**What is being asked:** Write out, word for word, every line in the data below from the one containing "Sydney Harbour rive" to the one containing "3 Bedroom Amazing", both of them included.

------------------------------------------------

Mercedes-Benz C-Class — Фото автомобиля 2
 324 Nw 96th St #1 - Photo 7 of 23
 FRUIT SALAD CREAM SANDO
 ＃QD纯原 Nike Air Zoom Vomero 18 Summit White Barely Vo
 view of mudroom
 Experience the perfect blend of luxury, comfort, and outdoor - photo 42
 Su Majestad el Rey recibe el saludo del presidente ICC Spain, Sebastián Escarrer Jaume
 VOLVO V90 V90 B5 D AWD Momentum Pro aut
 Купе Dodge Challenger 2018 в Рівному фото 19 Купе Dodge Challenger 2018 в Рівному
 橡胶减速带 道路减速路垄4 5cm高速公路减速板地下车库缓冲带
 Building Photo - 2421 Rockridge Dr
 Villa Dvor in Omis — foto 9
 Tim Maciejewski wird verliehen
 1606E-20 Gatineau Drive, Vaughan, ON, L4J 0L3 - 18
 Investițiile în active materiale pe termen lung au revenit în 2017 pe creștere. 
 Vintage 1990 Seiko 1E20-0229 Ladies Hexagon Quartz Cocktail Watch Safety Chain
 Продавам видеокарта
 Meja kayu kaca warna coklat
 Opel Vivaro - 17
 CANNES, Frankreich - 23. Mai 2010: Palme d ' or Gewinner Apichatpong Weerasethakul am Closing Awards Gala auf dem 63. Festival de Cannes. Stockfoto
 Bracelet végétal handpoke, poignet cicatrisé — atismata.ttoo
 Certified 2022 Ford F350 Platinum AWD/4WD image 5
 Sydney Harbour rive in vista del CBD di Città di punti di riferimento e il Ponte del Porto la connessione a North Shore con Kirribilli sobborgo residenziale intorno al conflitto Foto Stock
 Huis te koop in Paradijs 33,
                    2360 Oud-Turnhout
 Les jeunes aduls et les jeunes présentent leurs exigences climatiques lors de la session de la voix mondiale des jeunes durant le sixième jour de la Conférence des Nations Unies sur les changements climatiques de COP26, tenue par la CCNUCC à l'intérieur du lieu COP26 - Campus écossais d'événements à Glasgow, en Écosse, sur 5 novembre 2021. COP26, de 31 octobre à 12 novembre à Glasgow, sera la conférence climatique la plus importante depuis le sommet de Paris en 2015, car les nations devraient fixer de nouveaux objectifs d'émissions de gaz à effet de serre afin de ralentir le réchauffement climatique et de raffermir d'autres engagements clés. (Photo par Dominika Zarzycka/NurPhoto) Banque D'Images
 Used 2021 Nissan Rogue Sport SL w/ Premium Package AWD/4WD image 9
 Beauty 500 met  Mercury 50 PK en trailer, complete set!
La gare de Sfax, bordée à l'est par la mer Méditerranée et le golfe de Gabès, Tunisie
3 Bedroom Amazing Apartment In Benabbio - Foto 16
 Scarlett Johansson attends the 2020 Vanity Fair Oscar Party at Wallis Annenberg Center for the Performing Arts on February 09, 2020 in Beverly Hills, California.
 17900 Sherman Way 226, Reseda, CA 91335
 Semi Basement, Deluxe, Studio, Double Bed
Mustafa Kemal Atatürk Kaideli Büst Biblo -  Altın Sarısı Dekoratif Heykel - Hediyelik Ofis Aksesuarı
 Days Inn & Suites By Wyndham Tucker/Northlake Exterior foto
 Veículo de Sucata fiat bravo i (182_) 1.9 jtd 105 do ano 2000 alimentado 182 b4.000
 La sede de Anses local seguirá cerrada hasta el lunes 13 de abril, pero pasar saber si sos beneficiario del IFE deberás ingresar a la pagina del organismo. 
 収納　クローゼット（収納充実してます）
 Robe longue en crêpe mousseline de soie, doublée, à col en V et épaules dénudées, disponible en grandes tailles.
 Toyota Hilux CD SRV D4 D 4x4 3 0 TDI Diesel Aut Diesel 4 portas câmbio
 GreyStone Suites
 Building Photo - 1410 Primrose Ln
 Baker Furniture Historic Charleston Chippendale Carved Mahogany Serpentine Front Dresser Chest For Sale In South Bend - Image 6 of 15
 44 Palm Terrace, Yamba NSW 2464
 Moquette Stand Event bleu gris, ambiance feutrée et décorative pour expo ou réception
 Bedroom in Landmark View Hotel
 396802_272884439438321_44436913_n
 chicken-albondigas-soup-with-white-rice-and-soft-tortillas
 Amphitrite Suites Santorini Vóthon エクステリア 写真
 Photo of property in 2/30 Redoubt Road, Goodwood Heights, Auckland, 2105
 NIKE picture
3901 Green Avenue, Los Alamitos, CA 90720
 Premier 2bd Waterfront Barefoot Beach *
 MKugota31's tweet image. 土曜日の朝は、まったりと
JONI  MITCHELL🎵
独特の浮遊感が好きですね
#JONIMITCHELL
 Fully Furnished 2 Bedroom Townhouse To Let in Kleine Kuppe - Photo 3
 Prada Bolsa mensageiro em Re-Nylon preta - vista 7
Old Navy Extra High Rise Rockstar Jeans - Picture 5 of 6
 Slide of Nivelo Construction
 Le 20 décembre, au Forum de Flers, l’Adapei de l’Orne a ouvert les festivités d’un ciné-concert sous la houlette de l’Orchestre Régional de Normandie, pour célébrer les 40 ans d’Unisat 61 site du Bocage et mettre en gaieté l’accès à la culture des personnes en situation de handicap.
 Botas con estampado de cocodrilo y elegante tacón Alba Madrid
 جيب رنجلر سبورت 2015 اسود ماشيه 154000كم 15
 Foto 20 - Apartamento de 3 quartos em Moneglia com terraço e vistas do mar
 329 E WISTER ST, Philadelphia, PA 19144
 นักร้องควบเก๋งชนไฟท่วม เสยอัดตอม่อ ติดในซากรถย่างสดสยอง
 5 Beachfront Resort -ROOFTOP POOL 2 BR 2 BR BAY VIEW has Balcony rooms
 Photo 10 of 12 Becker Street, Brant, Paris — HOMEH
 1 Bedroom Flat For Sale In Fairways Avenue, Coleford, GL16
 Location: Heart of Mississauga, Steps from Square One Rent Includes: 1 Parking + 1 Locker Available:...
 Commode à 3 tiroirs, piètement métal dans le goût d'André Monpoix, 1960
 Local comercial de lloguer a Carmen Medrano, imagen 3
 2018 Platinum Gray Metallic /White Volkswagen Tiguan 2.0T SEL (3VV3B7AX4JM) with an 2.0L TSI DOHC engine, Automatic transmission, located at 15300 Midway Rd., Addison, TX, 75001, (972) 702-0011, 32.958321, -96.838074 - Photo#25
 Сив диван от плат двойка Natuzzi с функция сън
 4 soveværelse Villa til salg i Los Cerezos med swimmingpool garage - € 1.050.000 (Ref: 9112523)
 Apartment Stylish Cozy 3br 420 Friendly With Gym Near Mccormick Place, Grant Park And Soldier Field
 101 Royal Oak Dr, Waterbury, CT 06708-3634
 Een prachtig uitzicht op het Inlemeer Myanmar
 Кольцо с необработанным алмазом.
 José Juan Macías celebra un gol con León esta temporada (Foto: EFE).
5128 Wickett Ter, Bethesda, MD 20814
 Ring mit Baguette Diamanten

------------------------------------------------

**Answer area:**
 Sydney Harbour rive in vista del CBD di Città di punti di riferimento e il Ponte del Porto la connessione a North Shore con Kirribilli sobborgo residenziale intorno al conflitto Foto Stock
 Huis te koop in Paradijs 33,
                    2360 Oud-Turnhout
 Les jeunes aduls et les jeunes présentent leurs exigences climatiques lors de la session de la voix mondiale des jeunes durant le sixième jour de la Conférence des Nations Unies sur les changements climatiques de COP26, tenue par la CCNUCC à l'intérieur du lieu COP26 - Campus écossais d'événements à Glasgow, en Écosse, sur 5 novembre 2021. COP26, de 31 octobre à 12 novembre à Glasgow, sera la conférence climatique la plus importante depuis le sommet de Paris en 2015, car les nations devraient fixer de nouveaux objectifs d'émissions de gaz à effet de serre afin de ralentir le réchauffement climatique et de raffermir d'autres engagements clés. (Photo par Dominika Zarzycka/NurPhoto) Banque D'Images
 Used 2021 Nissan Rogue Sport SL w/ Premium Package AWD/4WD image 9
 Beauty 500 met  Mercury 50 PK en trailer, complete set!
La gare de Sfax, bordée à l'est par la mer Méditerranée et le golfe de Gabès, Tunisie
3 Bedroom Amazing Apartment In Benabbio - Foto 16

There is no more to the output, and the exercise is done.